Iran's 10-day military exercise on the Strait of Hormuz has lent credence to its threat to block oil shipments through the critical waterway if the U.S. ratchets up sanctions. Threatening the Strait, which flows north of Oman and south of Iran and moves approximately 40 percent of the world's oil, seems like a pretty great hand. But oil accounts for 80 percent of Iranian exports, and blocking the Strait would hit their economy hard. In all likelihood, Tehran is bluffing. But the administration shouldn't call it.
The newest round of sanctions (embedded in the defense bill) would penalize foreign institutions for doing business with Iran's financial sector. By leveraging the centrality of the U.S. banking system, the new sanctions would punish those countries who do business with Iran -- particularly the big consumers of Iranian oil. Iran's Navy is prepared to blockade the Strait in response stating that U.S. efforts to constrict their oil exports will be taken as an act of war. Although the sanctions passed unanimously in Congress, Obama should use his veto.
The potential efficacy of the sanctions is not worth the risk of a skirmish in the Strait. The U.S. Fifth Fleet, based in Bahrain, has made clear they will not stand idly by if Iran makes moves to block. With the force of some 20 vessels and 20,000 servicemen and women, the Fifth Fleet would pose a formidable challenge to an Iranian blockade. Going down the rabbit hole -- the U.S. military responds to Iranian muscle flexing in the Hormuz Strait in retaliation against the latest round of U.S. sanctions -- is antithetical to Washington's mainstay objective; preventing Iran from arming.
Iran's potential motivations for weaponizing are chiefly security and prestige. The buildup of U.S. troops on Iran's borders has been a reminder to the regime of its vulnerability. Iran's military never recovered after the Iran-Iraq War and Iranian inability to defend their borders with conventional means has entered into Tehran's calculus. After Libya was invaded in March 2011, Aisha Qaddafi, Muammar Qaddafi's daughter, said "every country that has weapons of mass destruction, keep them or make more so they will not meet the same fate as Libya." Her advice has not been lost on Tehran.

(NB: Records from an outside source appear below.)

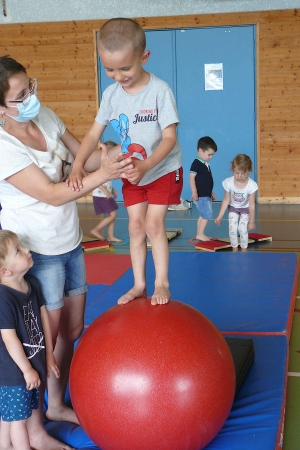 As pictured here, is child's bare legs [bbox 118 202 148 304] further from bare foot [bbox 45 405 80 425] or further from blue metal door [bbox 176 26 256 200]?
blue metal door [bbox 176 26 256 200]

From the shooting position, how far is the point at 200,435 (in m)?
2.45

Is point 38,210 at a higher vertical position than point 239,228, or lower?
higher

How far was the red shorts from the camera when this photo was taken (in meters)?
3.00

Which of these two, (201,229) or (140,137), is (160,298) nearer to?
(140,137)

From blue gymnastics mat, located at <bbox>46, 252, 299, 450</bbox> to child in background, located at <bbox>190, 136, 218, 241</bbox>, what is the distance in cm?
160

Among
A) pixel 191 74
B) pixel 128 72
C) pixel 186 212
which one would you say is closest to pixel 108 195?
pixel 186 212

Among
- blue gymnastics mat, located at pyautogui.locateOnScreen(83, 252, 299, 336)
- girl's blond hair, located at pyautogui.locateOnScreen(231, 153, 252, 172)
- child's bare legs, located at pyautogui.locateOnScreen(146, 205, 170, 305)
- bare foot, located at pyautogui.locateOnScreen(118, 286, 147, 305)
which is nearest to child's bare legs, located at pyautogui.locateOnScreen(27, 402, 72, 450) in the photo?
bare foot, located at pyautogui.locateOnScreen(118, 286, 147, 305)

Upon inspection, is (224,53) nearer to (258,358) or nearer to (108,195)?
(108,195)

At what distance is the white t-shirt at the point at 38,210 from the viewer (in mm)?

Were Iran to block the Strait, and the U.S. Fifth Fleet to retaliate, oil prices could spike and the skirmish would ultimately play into hands of Iranians calling for weaponization. If the sanctions targeted a domestically controversial initiative in Iran, they might spur discontent among the people. However, the Iranian population has illustrated they are willing to endure a level of austerity to pursue their nuclear program.
It is unclear which factions support weaponization now, but engagement in the Strait would strengthen, not diminish, those voices in favor. With India, Israel, Pakistan, and Russia armed and Turkey under the NATO umbrella; Iran's nuclear program provides Iranians with security, and potentially a deterrence capability. Exacerbating Iranian insecurities is not going to push them to the negotiating table. If the Fifth Fleet engages with Iran, Tehran's hardliners could consolidate power and the case for the deterrence capability a weapon could bring would gain momentum.
The other responses Tehran may opt for are no more appealing. These include encouraging Hamas and Hezbollah to fire rockets into Israel; attacking military outposts in Afghanistan; attacking supplies transported from Kuwait through southern Iraq; launching missiles at oil installations in Saudi Arabia; and inciting upheaval in Shiite-majority Bahrain. Any skirmish could set off a series of events akin to those of a U.S. airstrike against Iranian nuclear facilities.
Again, Tehran is most likely bluffing. But sanctions require balance, and those passed by Congress are a bridge too far. Secretary Geithner previously stated the administration's "strong opposition" to the new round of sanctions citing the potential for increased oil prices. If the bill is signed, spikes in oil prices may be only the beginning.